__ASSIGNMENT__:
In the entries below, find the line with "red shop now" and the line with "Dainty 14K Gold-Filled"; give again those lines and every line between them, exactly.

__SUPPLIED MATERIAL__:

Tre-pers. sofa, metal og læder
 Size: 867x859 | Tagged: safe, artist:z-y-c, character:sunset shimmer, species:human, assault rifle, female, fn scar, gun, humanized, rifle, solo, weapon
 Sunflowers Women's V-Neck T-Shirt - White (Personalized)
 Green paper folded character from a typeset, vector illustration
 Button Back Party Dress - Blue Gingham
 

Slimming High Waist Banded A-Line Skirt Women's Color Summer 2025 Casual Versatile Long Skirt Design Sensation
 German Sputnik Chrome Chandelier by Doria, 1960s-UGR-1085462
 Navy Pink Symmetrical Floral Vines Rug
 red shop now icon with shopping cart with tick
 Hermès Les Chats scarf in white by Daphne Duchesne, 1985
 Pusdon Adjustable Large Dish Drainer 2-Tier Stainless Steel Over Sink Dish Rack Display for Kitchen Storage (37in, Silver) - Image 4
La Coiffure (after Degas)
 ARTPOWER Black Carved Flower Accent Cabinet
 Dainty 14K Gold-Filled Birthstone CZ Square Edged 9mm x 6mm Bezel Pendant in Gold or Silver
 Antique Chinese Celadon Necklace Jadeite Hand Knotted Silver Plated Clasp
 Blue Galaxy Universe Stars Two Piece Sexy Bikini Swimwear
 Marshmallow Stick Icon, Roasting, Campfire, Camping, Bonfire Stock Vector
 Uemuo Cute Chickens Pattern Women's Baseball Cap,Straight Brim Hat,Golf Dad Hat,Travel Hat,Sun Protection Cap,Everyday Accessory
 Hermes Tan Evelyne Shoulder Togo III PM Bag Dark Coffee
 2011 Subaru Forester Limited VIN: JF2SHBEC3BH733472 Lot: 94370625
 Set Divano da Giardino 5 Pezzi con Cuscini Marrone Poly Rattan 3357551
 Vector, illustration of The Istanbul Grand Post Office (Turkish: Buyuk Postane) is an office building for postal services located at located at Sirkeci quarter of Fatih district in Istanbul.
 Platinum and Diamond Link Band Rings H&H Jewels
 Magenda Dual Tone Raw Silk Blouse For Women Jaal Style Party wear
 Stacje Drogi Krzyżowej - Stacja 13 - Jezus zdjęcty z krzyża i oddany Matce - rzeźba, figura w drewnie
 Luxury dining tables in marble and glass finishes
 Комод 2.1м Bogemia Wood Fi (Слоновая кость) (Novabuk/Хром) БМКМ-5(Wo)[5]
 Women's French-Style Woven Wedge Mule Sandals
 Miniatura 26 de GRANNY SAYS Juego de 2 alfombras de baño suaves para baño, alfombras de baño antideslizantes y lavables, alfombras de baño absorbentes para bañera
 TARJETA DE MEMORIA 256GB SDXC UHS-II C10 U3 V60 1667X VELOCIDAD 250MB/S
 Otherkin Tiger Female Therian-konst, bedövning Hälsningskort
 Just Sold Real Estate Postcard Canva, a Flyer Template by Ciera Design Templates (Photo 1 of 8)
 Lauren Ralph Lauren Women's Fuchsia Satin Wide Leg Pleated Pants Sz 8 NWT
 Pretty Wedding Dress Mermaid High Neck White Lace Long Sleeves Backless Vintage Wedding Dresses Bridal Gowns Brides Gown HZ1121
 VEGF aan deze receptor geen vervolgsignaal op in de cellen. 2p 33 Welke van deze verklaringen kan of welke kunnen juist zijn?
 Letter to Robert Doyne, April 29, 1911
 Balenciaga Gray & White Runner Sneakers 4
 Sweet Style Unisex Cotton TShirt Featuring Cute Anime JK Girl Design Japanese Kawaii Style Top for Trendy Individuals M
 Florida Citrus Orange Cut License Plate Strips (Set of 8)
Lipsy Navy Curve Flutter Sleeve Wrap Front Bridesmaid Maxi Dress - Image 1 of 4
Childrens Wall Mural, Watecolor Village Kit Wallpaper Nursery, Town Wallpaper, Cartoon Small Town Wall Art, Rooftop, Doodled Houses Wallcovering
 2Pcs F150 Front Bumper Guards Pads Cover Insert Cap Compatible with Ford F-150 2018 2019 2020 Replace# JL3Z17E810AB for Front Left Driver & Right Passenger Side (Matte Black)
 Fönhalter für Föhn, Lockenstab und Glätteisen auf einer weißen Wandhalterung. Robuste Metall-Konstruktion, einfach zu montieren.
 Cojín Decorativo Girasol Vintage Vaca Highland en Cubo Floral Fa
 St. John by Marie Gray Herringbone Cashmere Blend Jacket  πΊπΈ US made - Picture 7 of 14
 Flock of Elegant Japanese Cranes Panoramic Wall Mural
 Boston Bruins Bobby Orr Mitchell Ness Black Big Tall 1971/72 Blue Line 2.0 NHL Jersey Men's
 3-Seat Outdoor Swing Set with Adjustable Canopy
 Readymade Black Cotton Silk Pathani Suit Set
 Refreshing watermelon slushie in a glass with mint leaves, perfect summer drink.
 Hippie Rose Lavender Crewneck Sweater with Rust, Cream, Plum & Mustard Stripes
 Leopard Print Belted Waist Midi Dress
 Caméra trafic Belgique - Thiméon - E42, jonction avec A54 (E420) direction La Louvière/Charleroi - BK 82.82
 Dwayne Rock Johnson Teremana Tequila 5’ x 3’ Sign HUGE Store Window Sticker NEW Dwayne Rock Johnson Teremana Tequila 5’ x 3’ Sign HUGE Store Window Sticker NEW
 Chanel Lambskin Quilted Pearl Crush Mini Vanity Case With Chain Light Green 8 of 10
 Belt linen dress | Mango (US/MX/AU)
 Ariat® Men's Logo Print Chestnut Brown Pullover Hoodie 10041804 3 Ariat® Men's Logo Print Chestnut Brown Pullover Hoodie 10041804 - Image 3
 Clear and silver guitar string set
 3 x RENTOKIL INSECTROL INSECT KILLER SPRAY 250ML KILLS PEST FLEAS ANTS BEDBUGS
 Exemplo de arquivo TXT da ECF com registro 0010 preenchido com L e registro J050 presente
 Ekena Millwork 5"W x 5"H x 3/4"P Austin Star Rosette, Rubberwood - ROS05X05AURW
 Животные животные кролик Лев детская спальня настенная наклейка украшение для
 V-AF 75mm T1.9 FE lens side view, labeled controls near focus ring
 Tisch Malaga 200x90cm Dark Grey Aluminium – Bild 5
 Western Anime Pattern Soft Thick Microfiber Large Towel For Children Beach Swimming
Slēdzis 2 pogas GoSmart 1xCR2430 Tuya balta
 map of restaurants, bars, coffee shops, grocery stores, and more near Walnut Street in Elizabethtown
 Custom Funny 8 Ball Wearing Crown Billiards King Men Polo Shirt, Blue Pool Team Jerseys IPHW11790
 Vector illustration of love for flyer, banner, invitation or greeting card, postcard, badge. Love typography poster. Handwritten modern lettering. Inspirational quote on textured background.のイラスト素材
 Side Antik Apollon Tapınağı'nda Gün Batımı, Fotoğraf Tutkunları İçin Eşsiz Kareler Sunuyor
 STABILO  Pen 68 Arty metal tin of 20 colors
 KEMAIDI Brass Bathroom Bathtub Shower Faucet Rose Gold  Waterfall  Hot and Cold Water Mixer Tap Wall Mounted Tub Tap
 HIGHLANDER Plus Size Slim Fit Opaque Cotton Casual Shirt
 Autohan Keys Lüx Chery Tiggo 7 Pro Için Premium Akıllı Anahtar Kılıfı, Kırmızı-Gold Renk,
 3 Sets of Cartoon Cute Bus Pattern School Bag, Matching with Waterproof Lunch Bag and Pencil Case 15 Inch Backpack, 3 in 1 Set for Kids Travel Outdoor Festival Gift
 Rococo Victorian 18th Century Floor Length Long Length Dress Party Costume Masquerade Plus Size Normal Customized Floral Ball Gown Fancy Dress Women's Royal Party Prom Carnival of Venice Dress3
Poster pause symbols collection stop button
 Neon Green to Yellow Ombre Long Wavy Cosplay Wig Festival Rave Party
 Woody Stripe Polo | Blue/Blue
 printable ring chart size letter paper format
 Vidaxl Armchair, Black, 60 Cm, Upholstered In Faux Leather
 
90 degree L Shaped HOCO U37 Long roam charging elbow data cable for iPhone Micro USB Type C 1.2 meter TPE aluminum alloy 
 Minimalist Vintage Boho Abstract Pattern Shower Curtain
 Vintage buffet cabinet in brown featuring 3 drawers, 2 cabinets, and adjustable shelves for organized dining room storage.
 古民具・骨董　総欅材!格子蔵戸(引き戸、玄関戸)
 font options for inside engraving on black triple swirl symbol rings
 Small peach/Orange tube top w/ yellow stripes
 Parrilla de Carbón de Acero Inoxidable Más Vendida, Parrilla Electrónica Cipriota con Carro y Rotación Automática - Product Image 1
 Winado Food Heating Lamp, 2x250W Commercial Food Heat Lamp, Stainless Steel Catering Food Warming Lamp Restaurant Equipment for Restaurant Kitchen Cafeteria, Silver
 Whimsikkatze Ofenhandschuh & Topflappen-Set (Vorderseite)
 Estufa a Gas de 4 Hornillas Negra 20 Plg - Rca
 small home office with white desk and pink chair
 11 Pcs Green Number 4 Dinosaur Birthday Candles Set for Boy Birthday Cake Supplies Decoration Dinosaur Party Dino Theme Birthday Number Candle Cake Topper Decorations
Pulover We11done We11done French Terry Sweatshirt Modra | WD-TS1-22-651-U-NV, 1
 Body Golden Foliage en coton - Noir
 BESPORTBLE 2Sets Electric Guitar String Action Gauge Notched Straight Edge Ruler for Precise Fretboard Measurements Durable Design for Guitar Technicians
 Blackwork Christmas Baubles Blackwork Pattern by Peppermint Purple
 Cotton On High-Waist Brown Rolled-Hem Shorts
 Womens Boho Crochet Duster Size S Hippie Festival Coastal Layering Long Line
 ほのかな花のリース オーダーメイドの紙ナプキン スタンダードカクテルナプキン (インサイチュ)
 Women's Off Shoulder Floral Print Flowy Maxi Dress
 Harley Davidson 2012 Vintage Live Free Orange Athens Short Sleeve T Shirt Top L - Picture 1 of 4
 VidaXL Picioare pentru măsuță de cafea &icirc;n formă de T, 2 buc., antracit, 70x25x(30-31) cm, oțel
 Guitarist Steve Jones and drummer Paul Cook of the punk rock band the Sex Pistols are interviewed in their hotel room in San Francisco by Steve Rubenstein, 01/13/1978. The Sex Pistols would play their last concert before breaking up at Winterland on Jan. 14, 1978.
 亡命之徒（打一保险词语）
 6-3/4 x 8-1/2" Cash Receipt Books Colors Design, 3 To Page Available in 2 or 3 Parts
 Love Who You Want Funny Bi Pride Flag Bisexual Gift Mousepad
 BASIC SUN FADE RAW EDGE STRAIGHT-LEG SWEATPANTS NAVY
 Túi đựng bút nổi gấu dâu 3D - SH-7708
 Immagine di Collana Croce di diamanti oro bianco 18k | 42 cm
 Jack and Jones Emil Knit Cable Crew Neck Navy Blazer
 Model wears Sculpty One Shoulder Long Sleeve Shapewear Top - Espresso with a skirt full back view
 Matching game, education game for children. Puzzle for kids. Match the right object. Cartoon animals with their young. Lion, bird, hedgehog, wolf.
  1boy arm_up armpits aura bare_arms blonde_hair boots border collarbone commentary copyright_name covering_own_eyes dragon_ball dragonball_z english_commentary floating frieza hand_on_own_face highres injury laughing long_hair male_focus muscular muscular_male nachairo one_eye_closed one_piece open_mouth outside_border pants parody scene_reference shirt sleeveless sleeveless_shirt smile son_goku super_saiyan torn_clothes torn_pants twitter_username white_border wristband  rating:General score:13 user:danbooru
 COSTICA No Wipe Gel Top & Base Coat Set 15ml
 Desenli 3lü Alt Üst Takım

__SOLVED EXERCISE__:
 red shop now icon with shopping cart with tick
 Hermès Les Chats scarf in white by Daphne Duchesne, 1985
 Pusdon Adjustable Large Dish Drainer 2-Tier Stainless Steel Over Sink Dish Rack Display for Kitchen Storage (37in, Silver) - Image 4
La Coiffure (after Degas)
 ARTPOWER Black Carved Flower Accent Cabinet
 Dainty 14K Gold-Filled Birthstone CZ Square Edged 9mm x 6mm Bezel Pendant in Gold or Silver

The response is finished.